— Я! — мрачный татарин опять хлопнул по столу ладонью.
— Один! Ты не виновен, Фёдор. Воры, тормознитесь. Ещё не всё. С Юртового пришла ксива: на Кручёный привалил церковный вор. Грабил храмы на Псковщине, кончал в селе батюшку с попадьёй, а блатует, как честный вор.
— Зачем лишний базар, Никанор Евстафьевич, неужели мы допустим, чтобы церковный вор хилял за вора честного?!
— Вложил побег с Сучанской зоны…
— Он нагрёб себе беды на две смерти. Свидетели?
— Есть! — поднялся с нар, держась за спину, мужик в цветастой рубахе, подпоясанной обыкновенной верёвкой. — Белим — церковный вор, но это не весь его позор. В зоне поощрял «крыс», целый крысятник вокруг себя развёл.
— А за побег что скажешь?
— Так ведь Китаев жив ещё был, когда их в зону привезли. Он мне в коридоре крикнул за Белима.
— Сенатора зарезал Белим, — Малина дал понять всем своим видом — признание ему даётся непросто. — Сенатор был честным вором, и Белим был таковым, пока не пошёл по церквам. В Питере мы с ним подельничали…
— В том твоей вины нет, — Дьяк поднялся. — Кто желает защищать Белима?
Они смотрели на Никанора Евстафьевича, подчёркивая общим молчанием отношение к судьбе обвиняемого.
— Ворон! — Дьяк сел, скрестив на груди руки. — Идите. Сходка вынесла приговор. Фраера с собой прихватишь. Толковый оказался, без подлостев.
Он одобрительно кивнул Упорову, будто перед ним стоял воспитанный ребёнок.
— Иди с имя, Вадим. Вам по пути…
Всё ещё бледный Опёнкин поймал взгляд Упорова, подмигнул блестящим глазом и тут же включился в разговор по делу.
— У Сенатора мамаша в Калуге. Вдовствует…

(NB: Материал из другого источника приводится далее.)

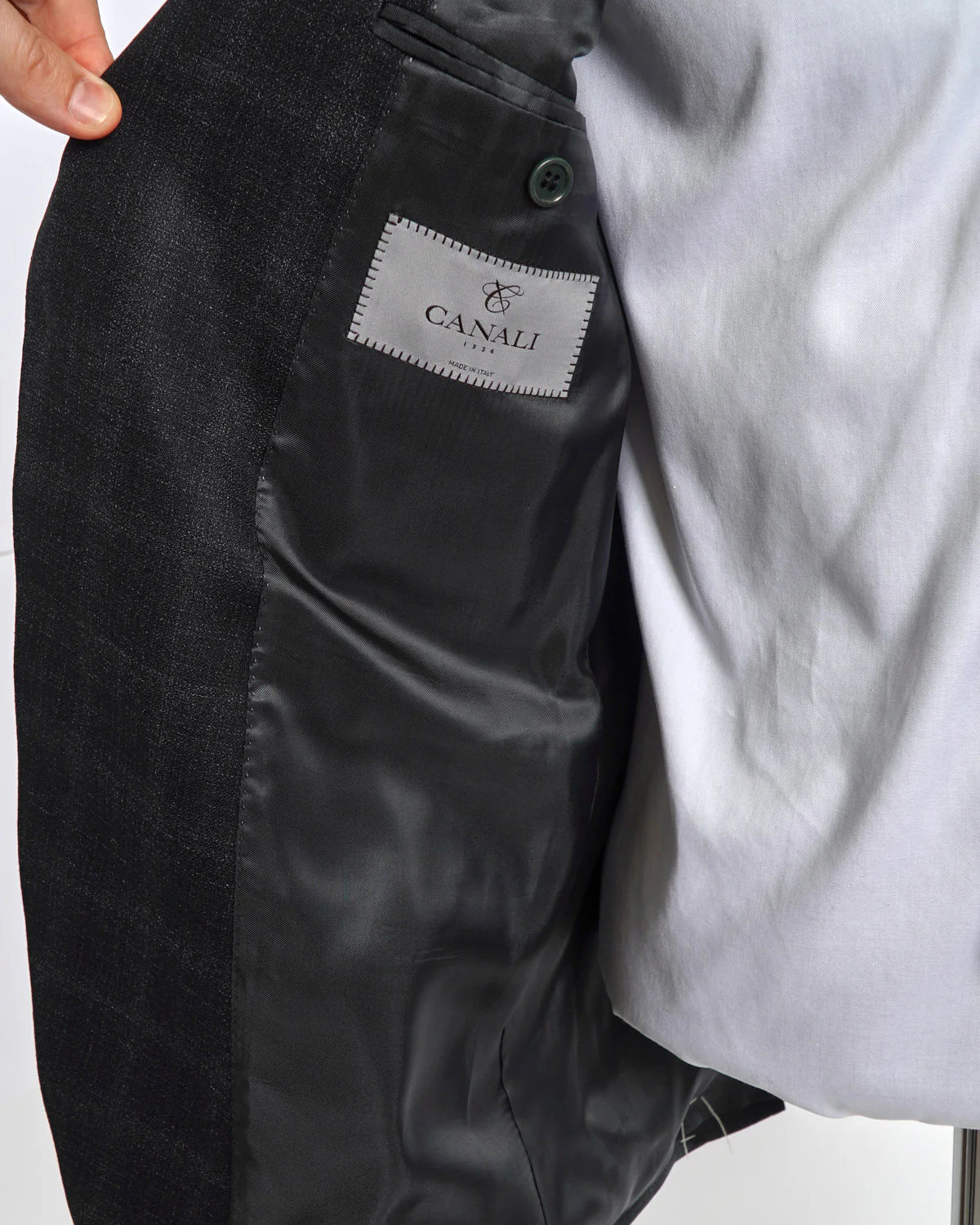 Elegant Fade Check Wool Suit - Image 5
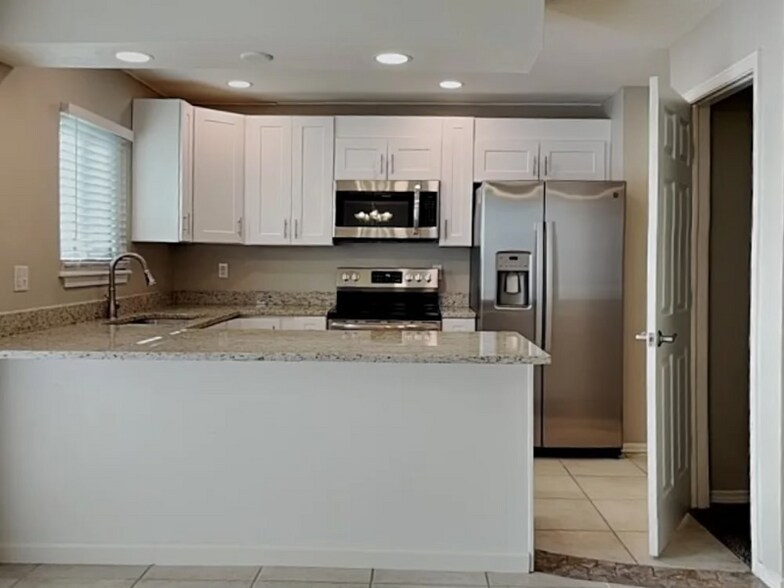 Building Photo - 6141 Hayseed Ct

— Колокольчик поможет. Он при средствах.
— Сеню в Ростове повязали…
— Кто нынче из деловых на свободе?
— Рябой с Сидором. Имя надо сообщить…
Дверь за спиной Вадима закрылась. Он не почувствовал холода, почувствовал облегчение да ещё вялость во всём теле. Испытание оказалось нелёгким. Упоров собрался было присесть на завалинку, но мрачный татарин, тот, кто хотел Федькиной смерти, прорычал:
— Канай за нами, Фартовый!
А чуть погодя спросил уже не таким злым голосом:
— Ты, видать, в детстве говно ел?
— Увы, не досталось: ты съел его раньше меня.
— Борзеешь, фраер!
Вадим промолчал. Он был безгневен. Им владела приятная пустота чувств, и перекошенная рожа татарина не вызывала ничего, кроме улыбки.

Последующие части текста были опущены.